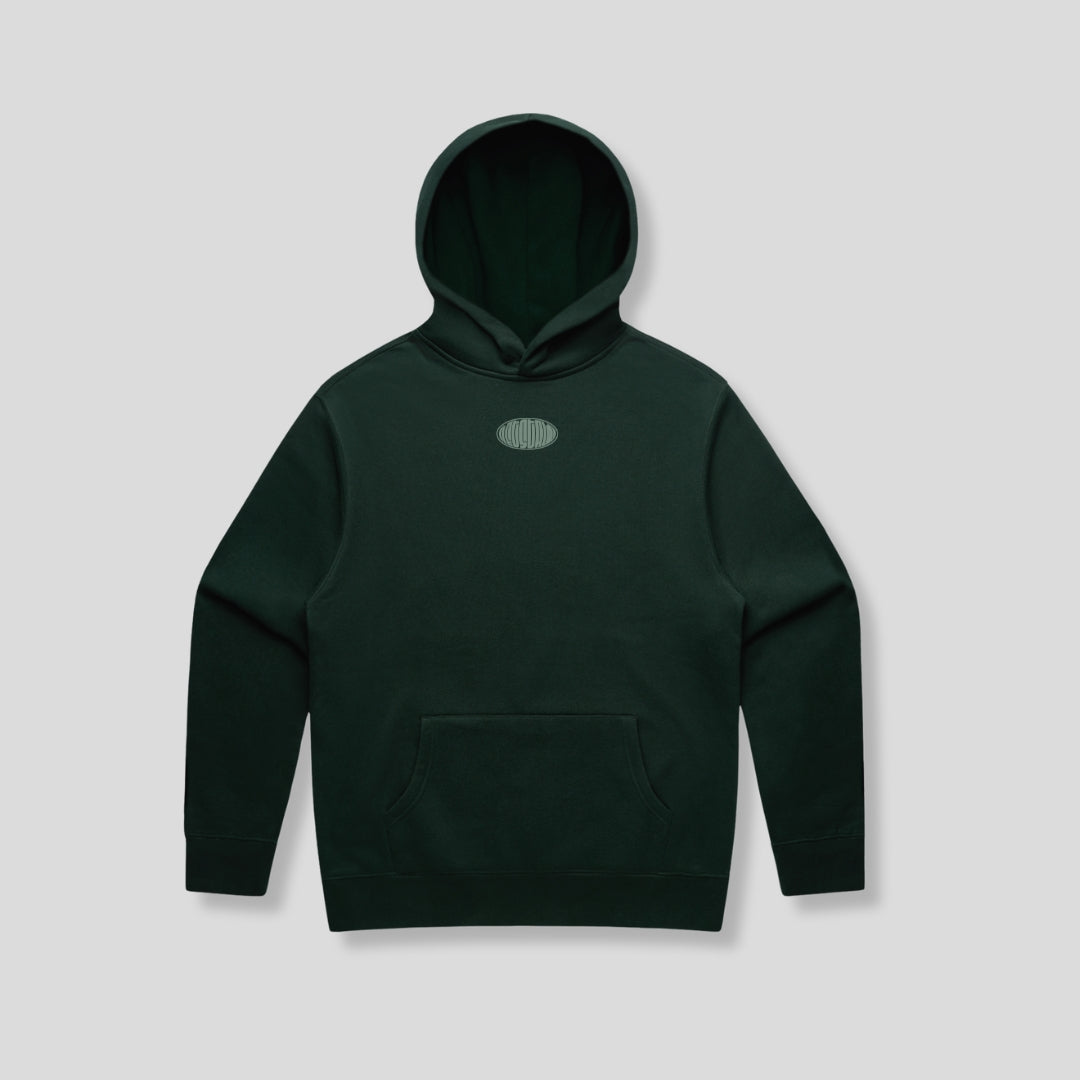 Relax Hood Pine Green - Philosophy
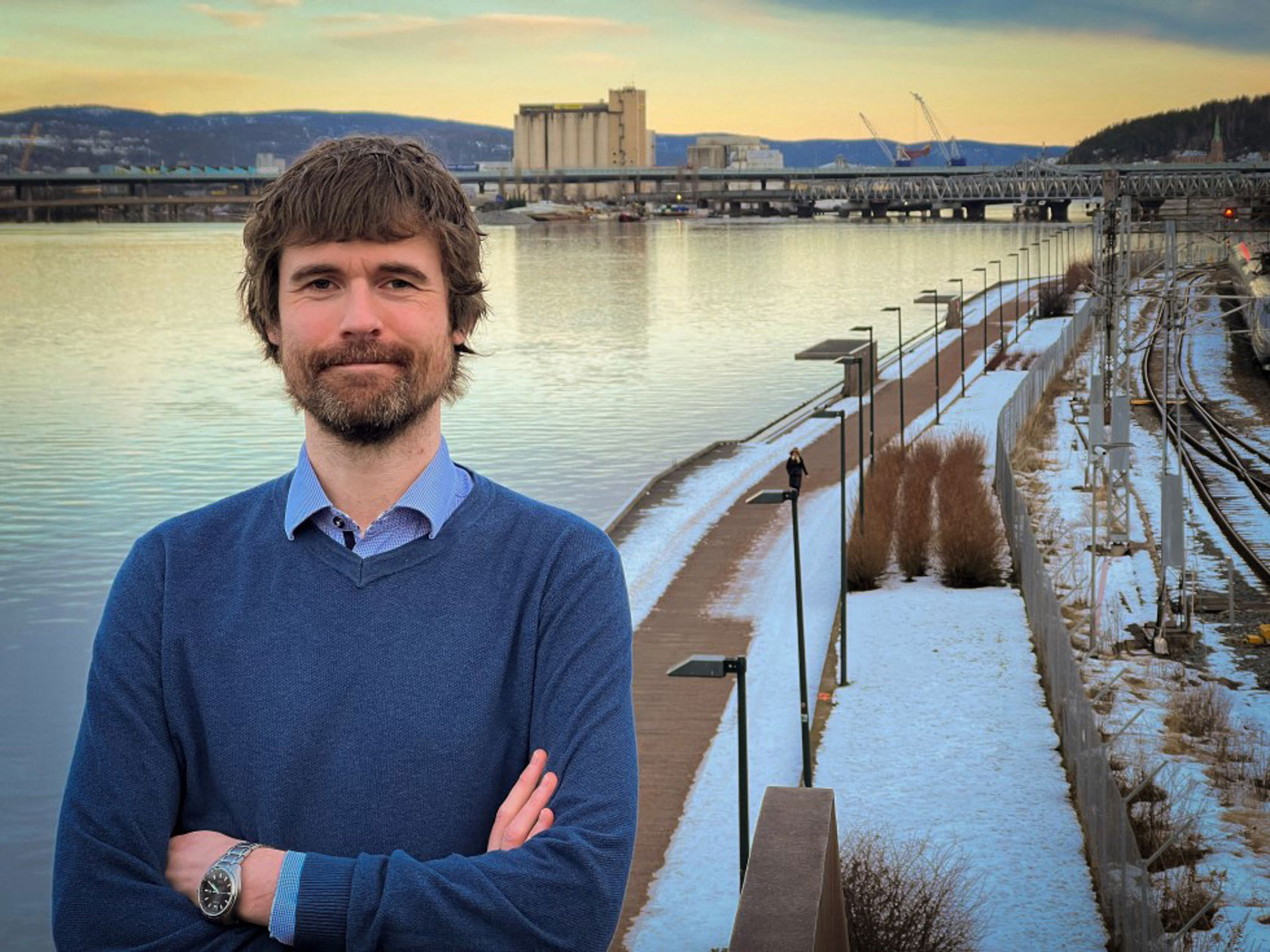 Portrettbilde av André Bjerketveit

--

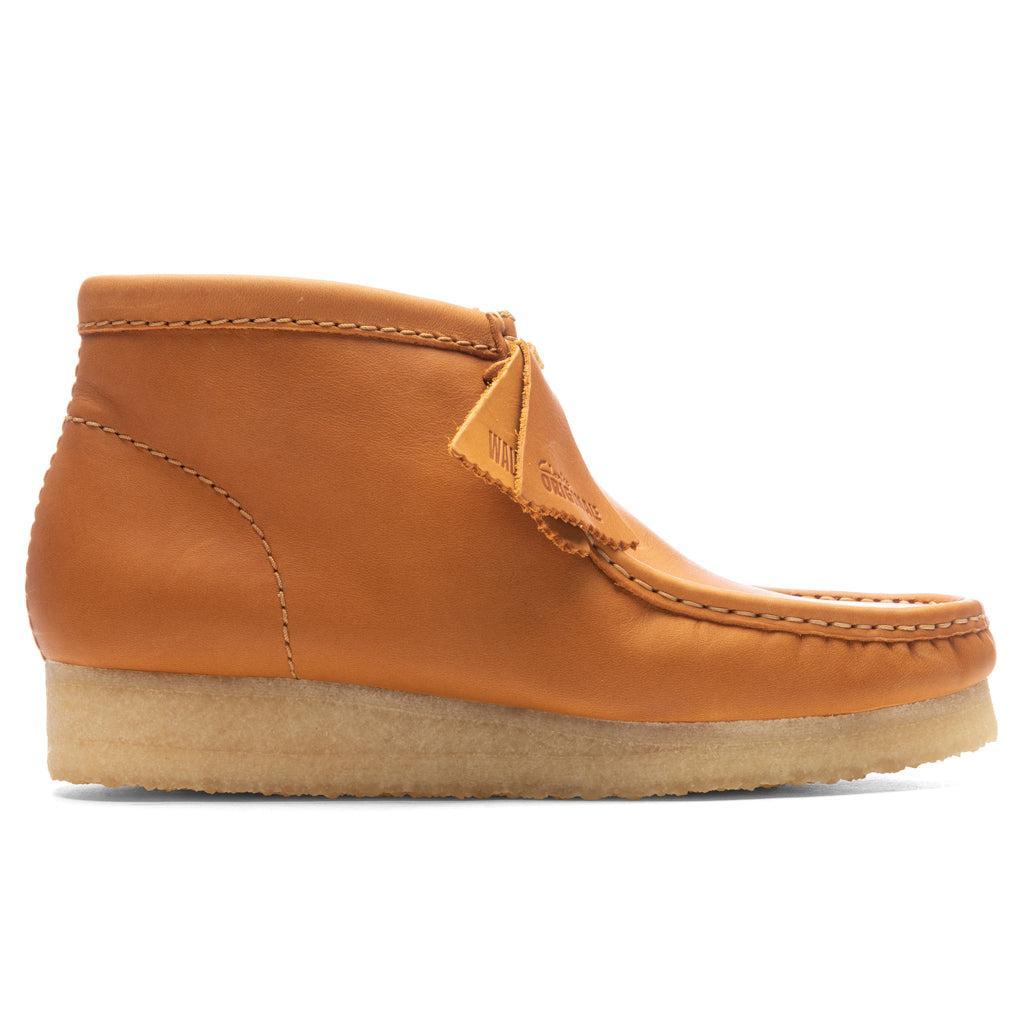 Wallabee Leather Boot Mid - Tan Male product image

### Required action
Set down again, exactly, every line above from the one with "Relax Hood Pine Green - Philosophy" down to the one with "Portrettbilde av André Bjerketveit", both ends included. No pictures, and nothing else.

### Written answer
 Relax Hood Pine Green - Philosophy
 Portrettbilde av André Bjerketveit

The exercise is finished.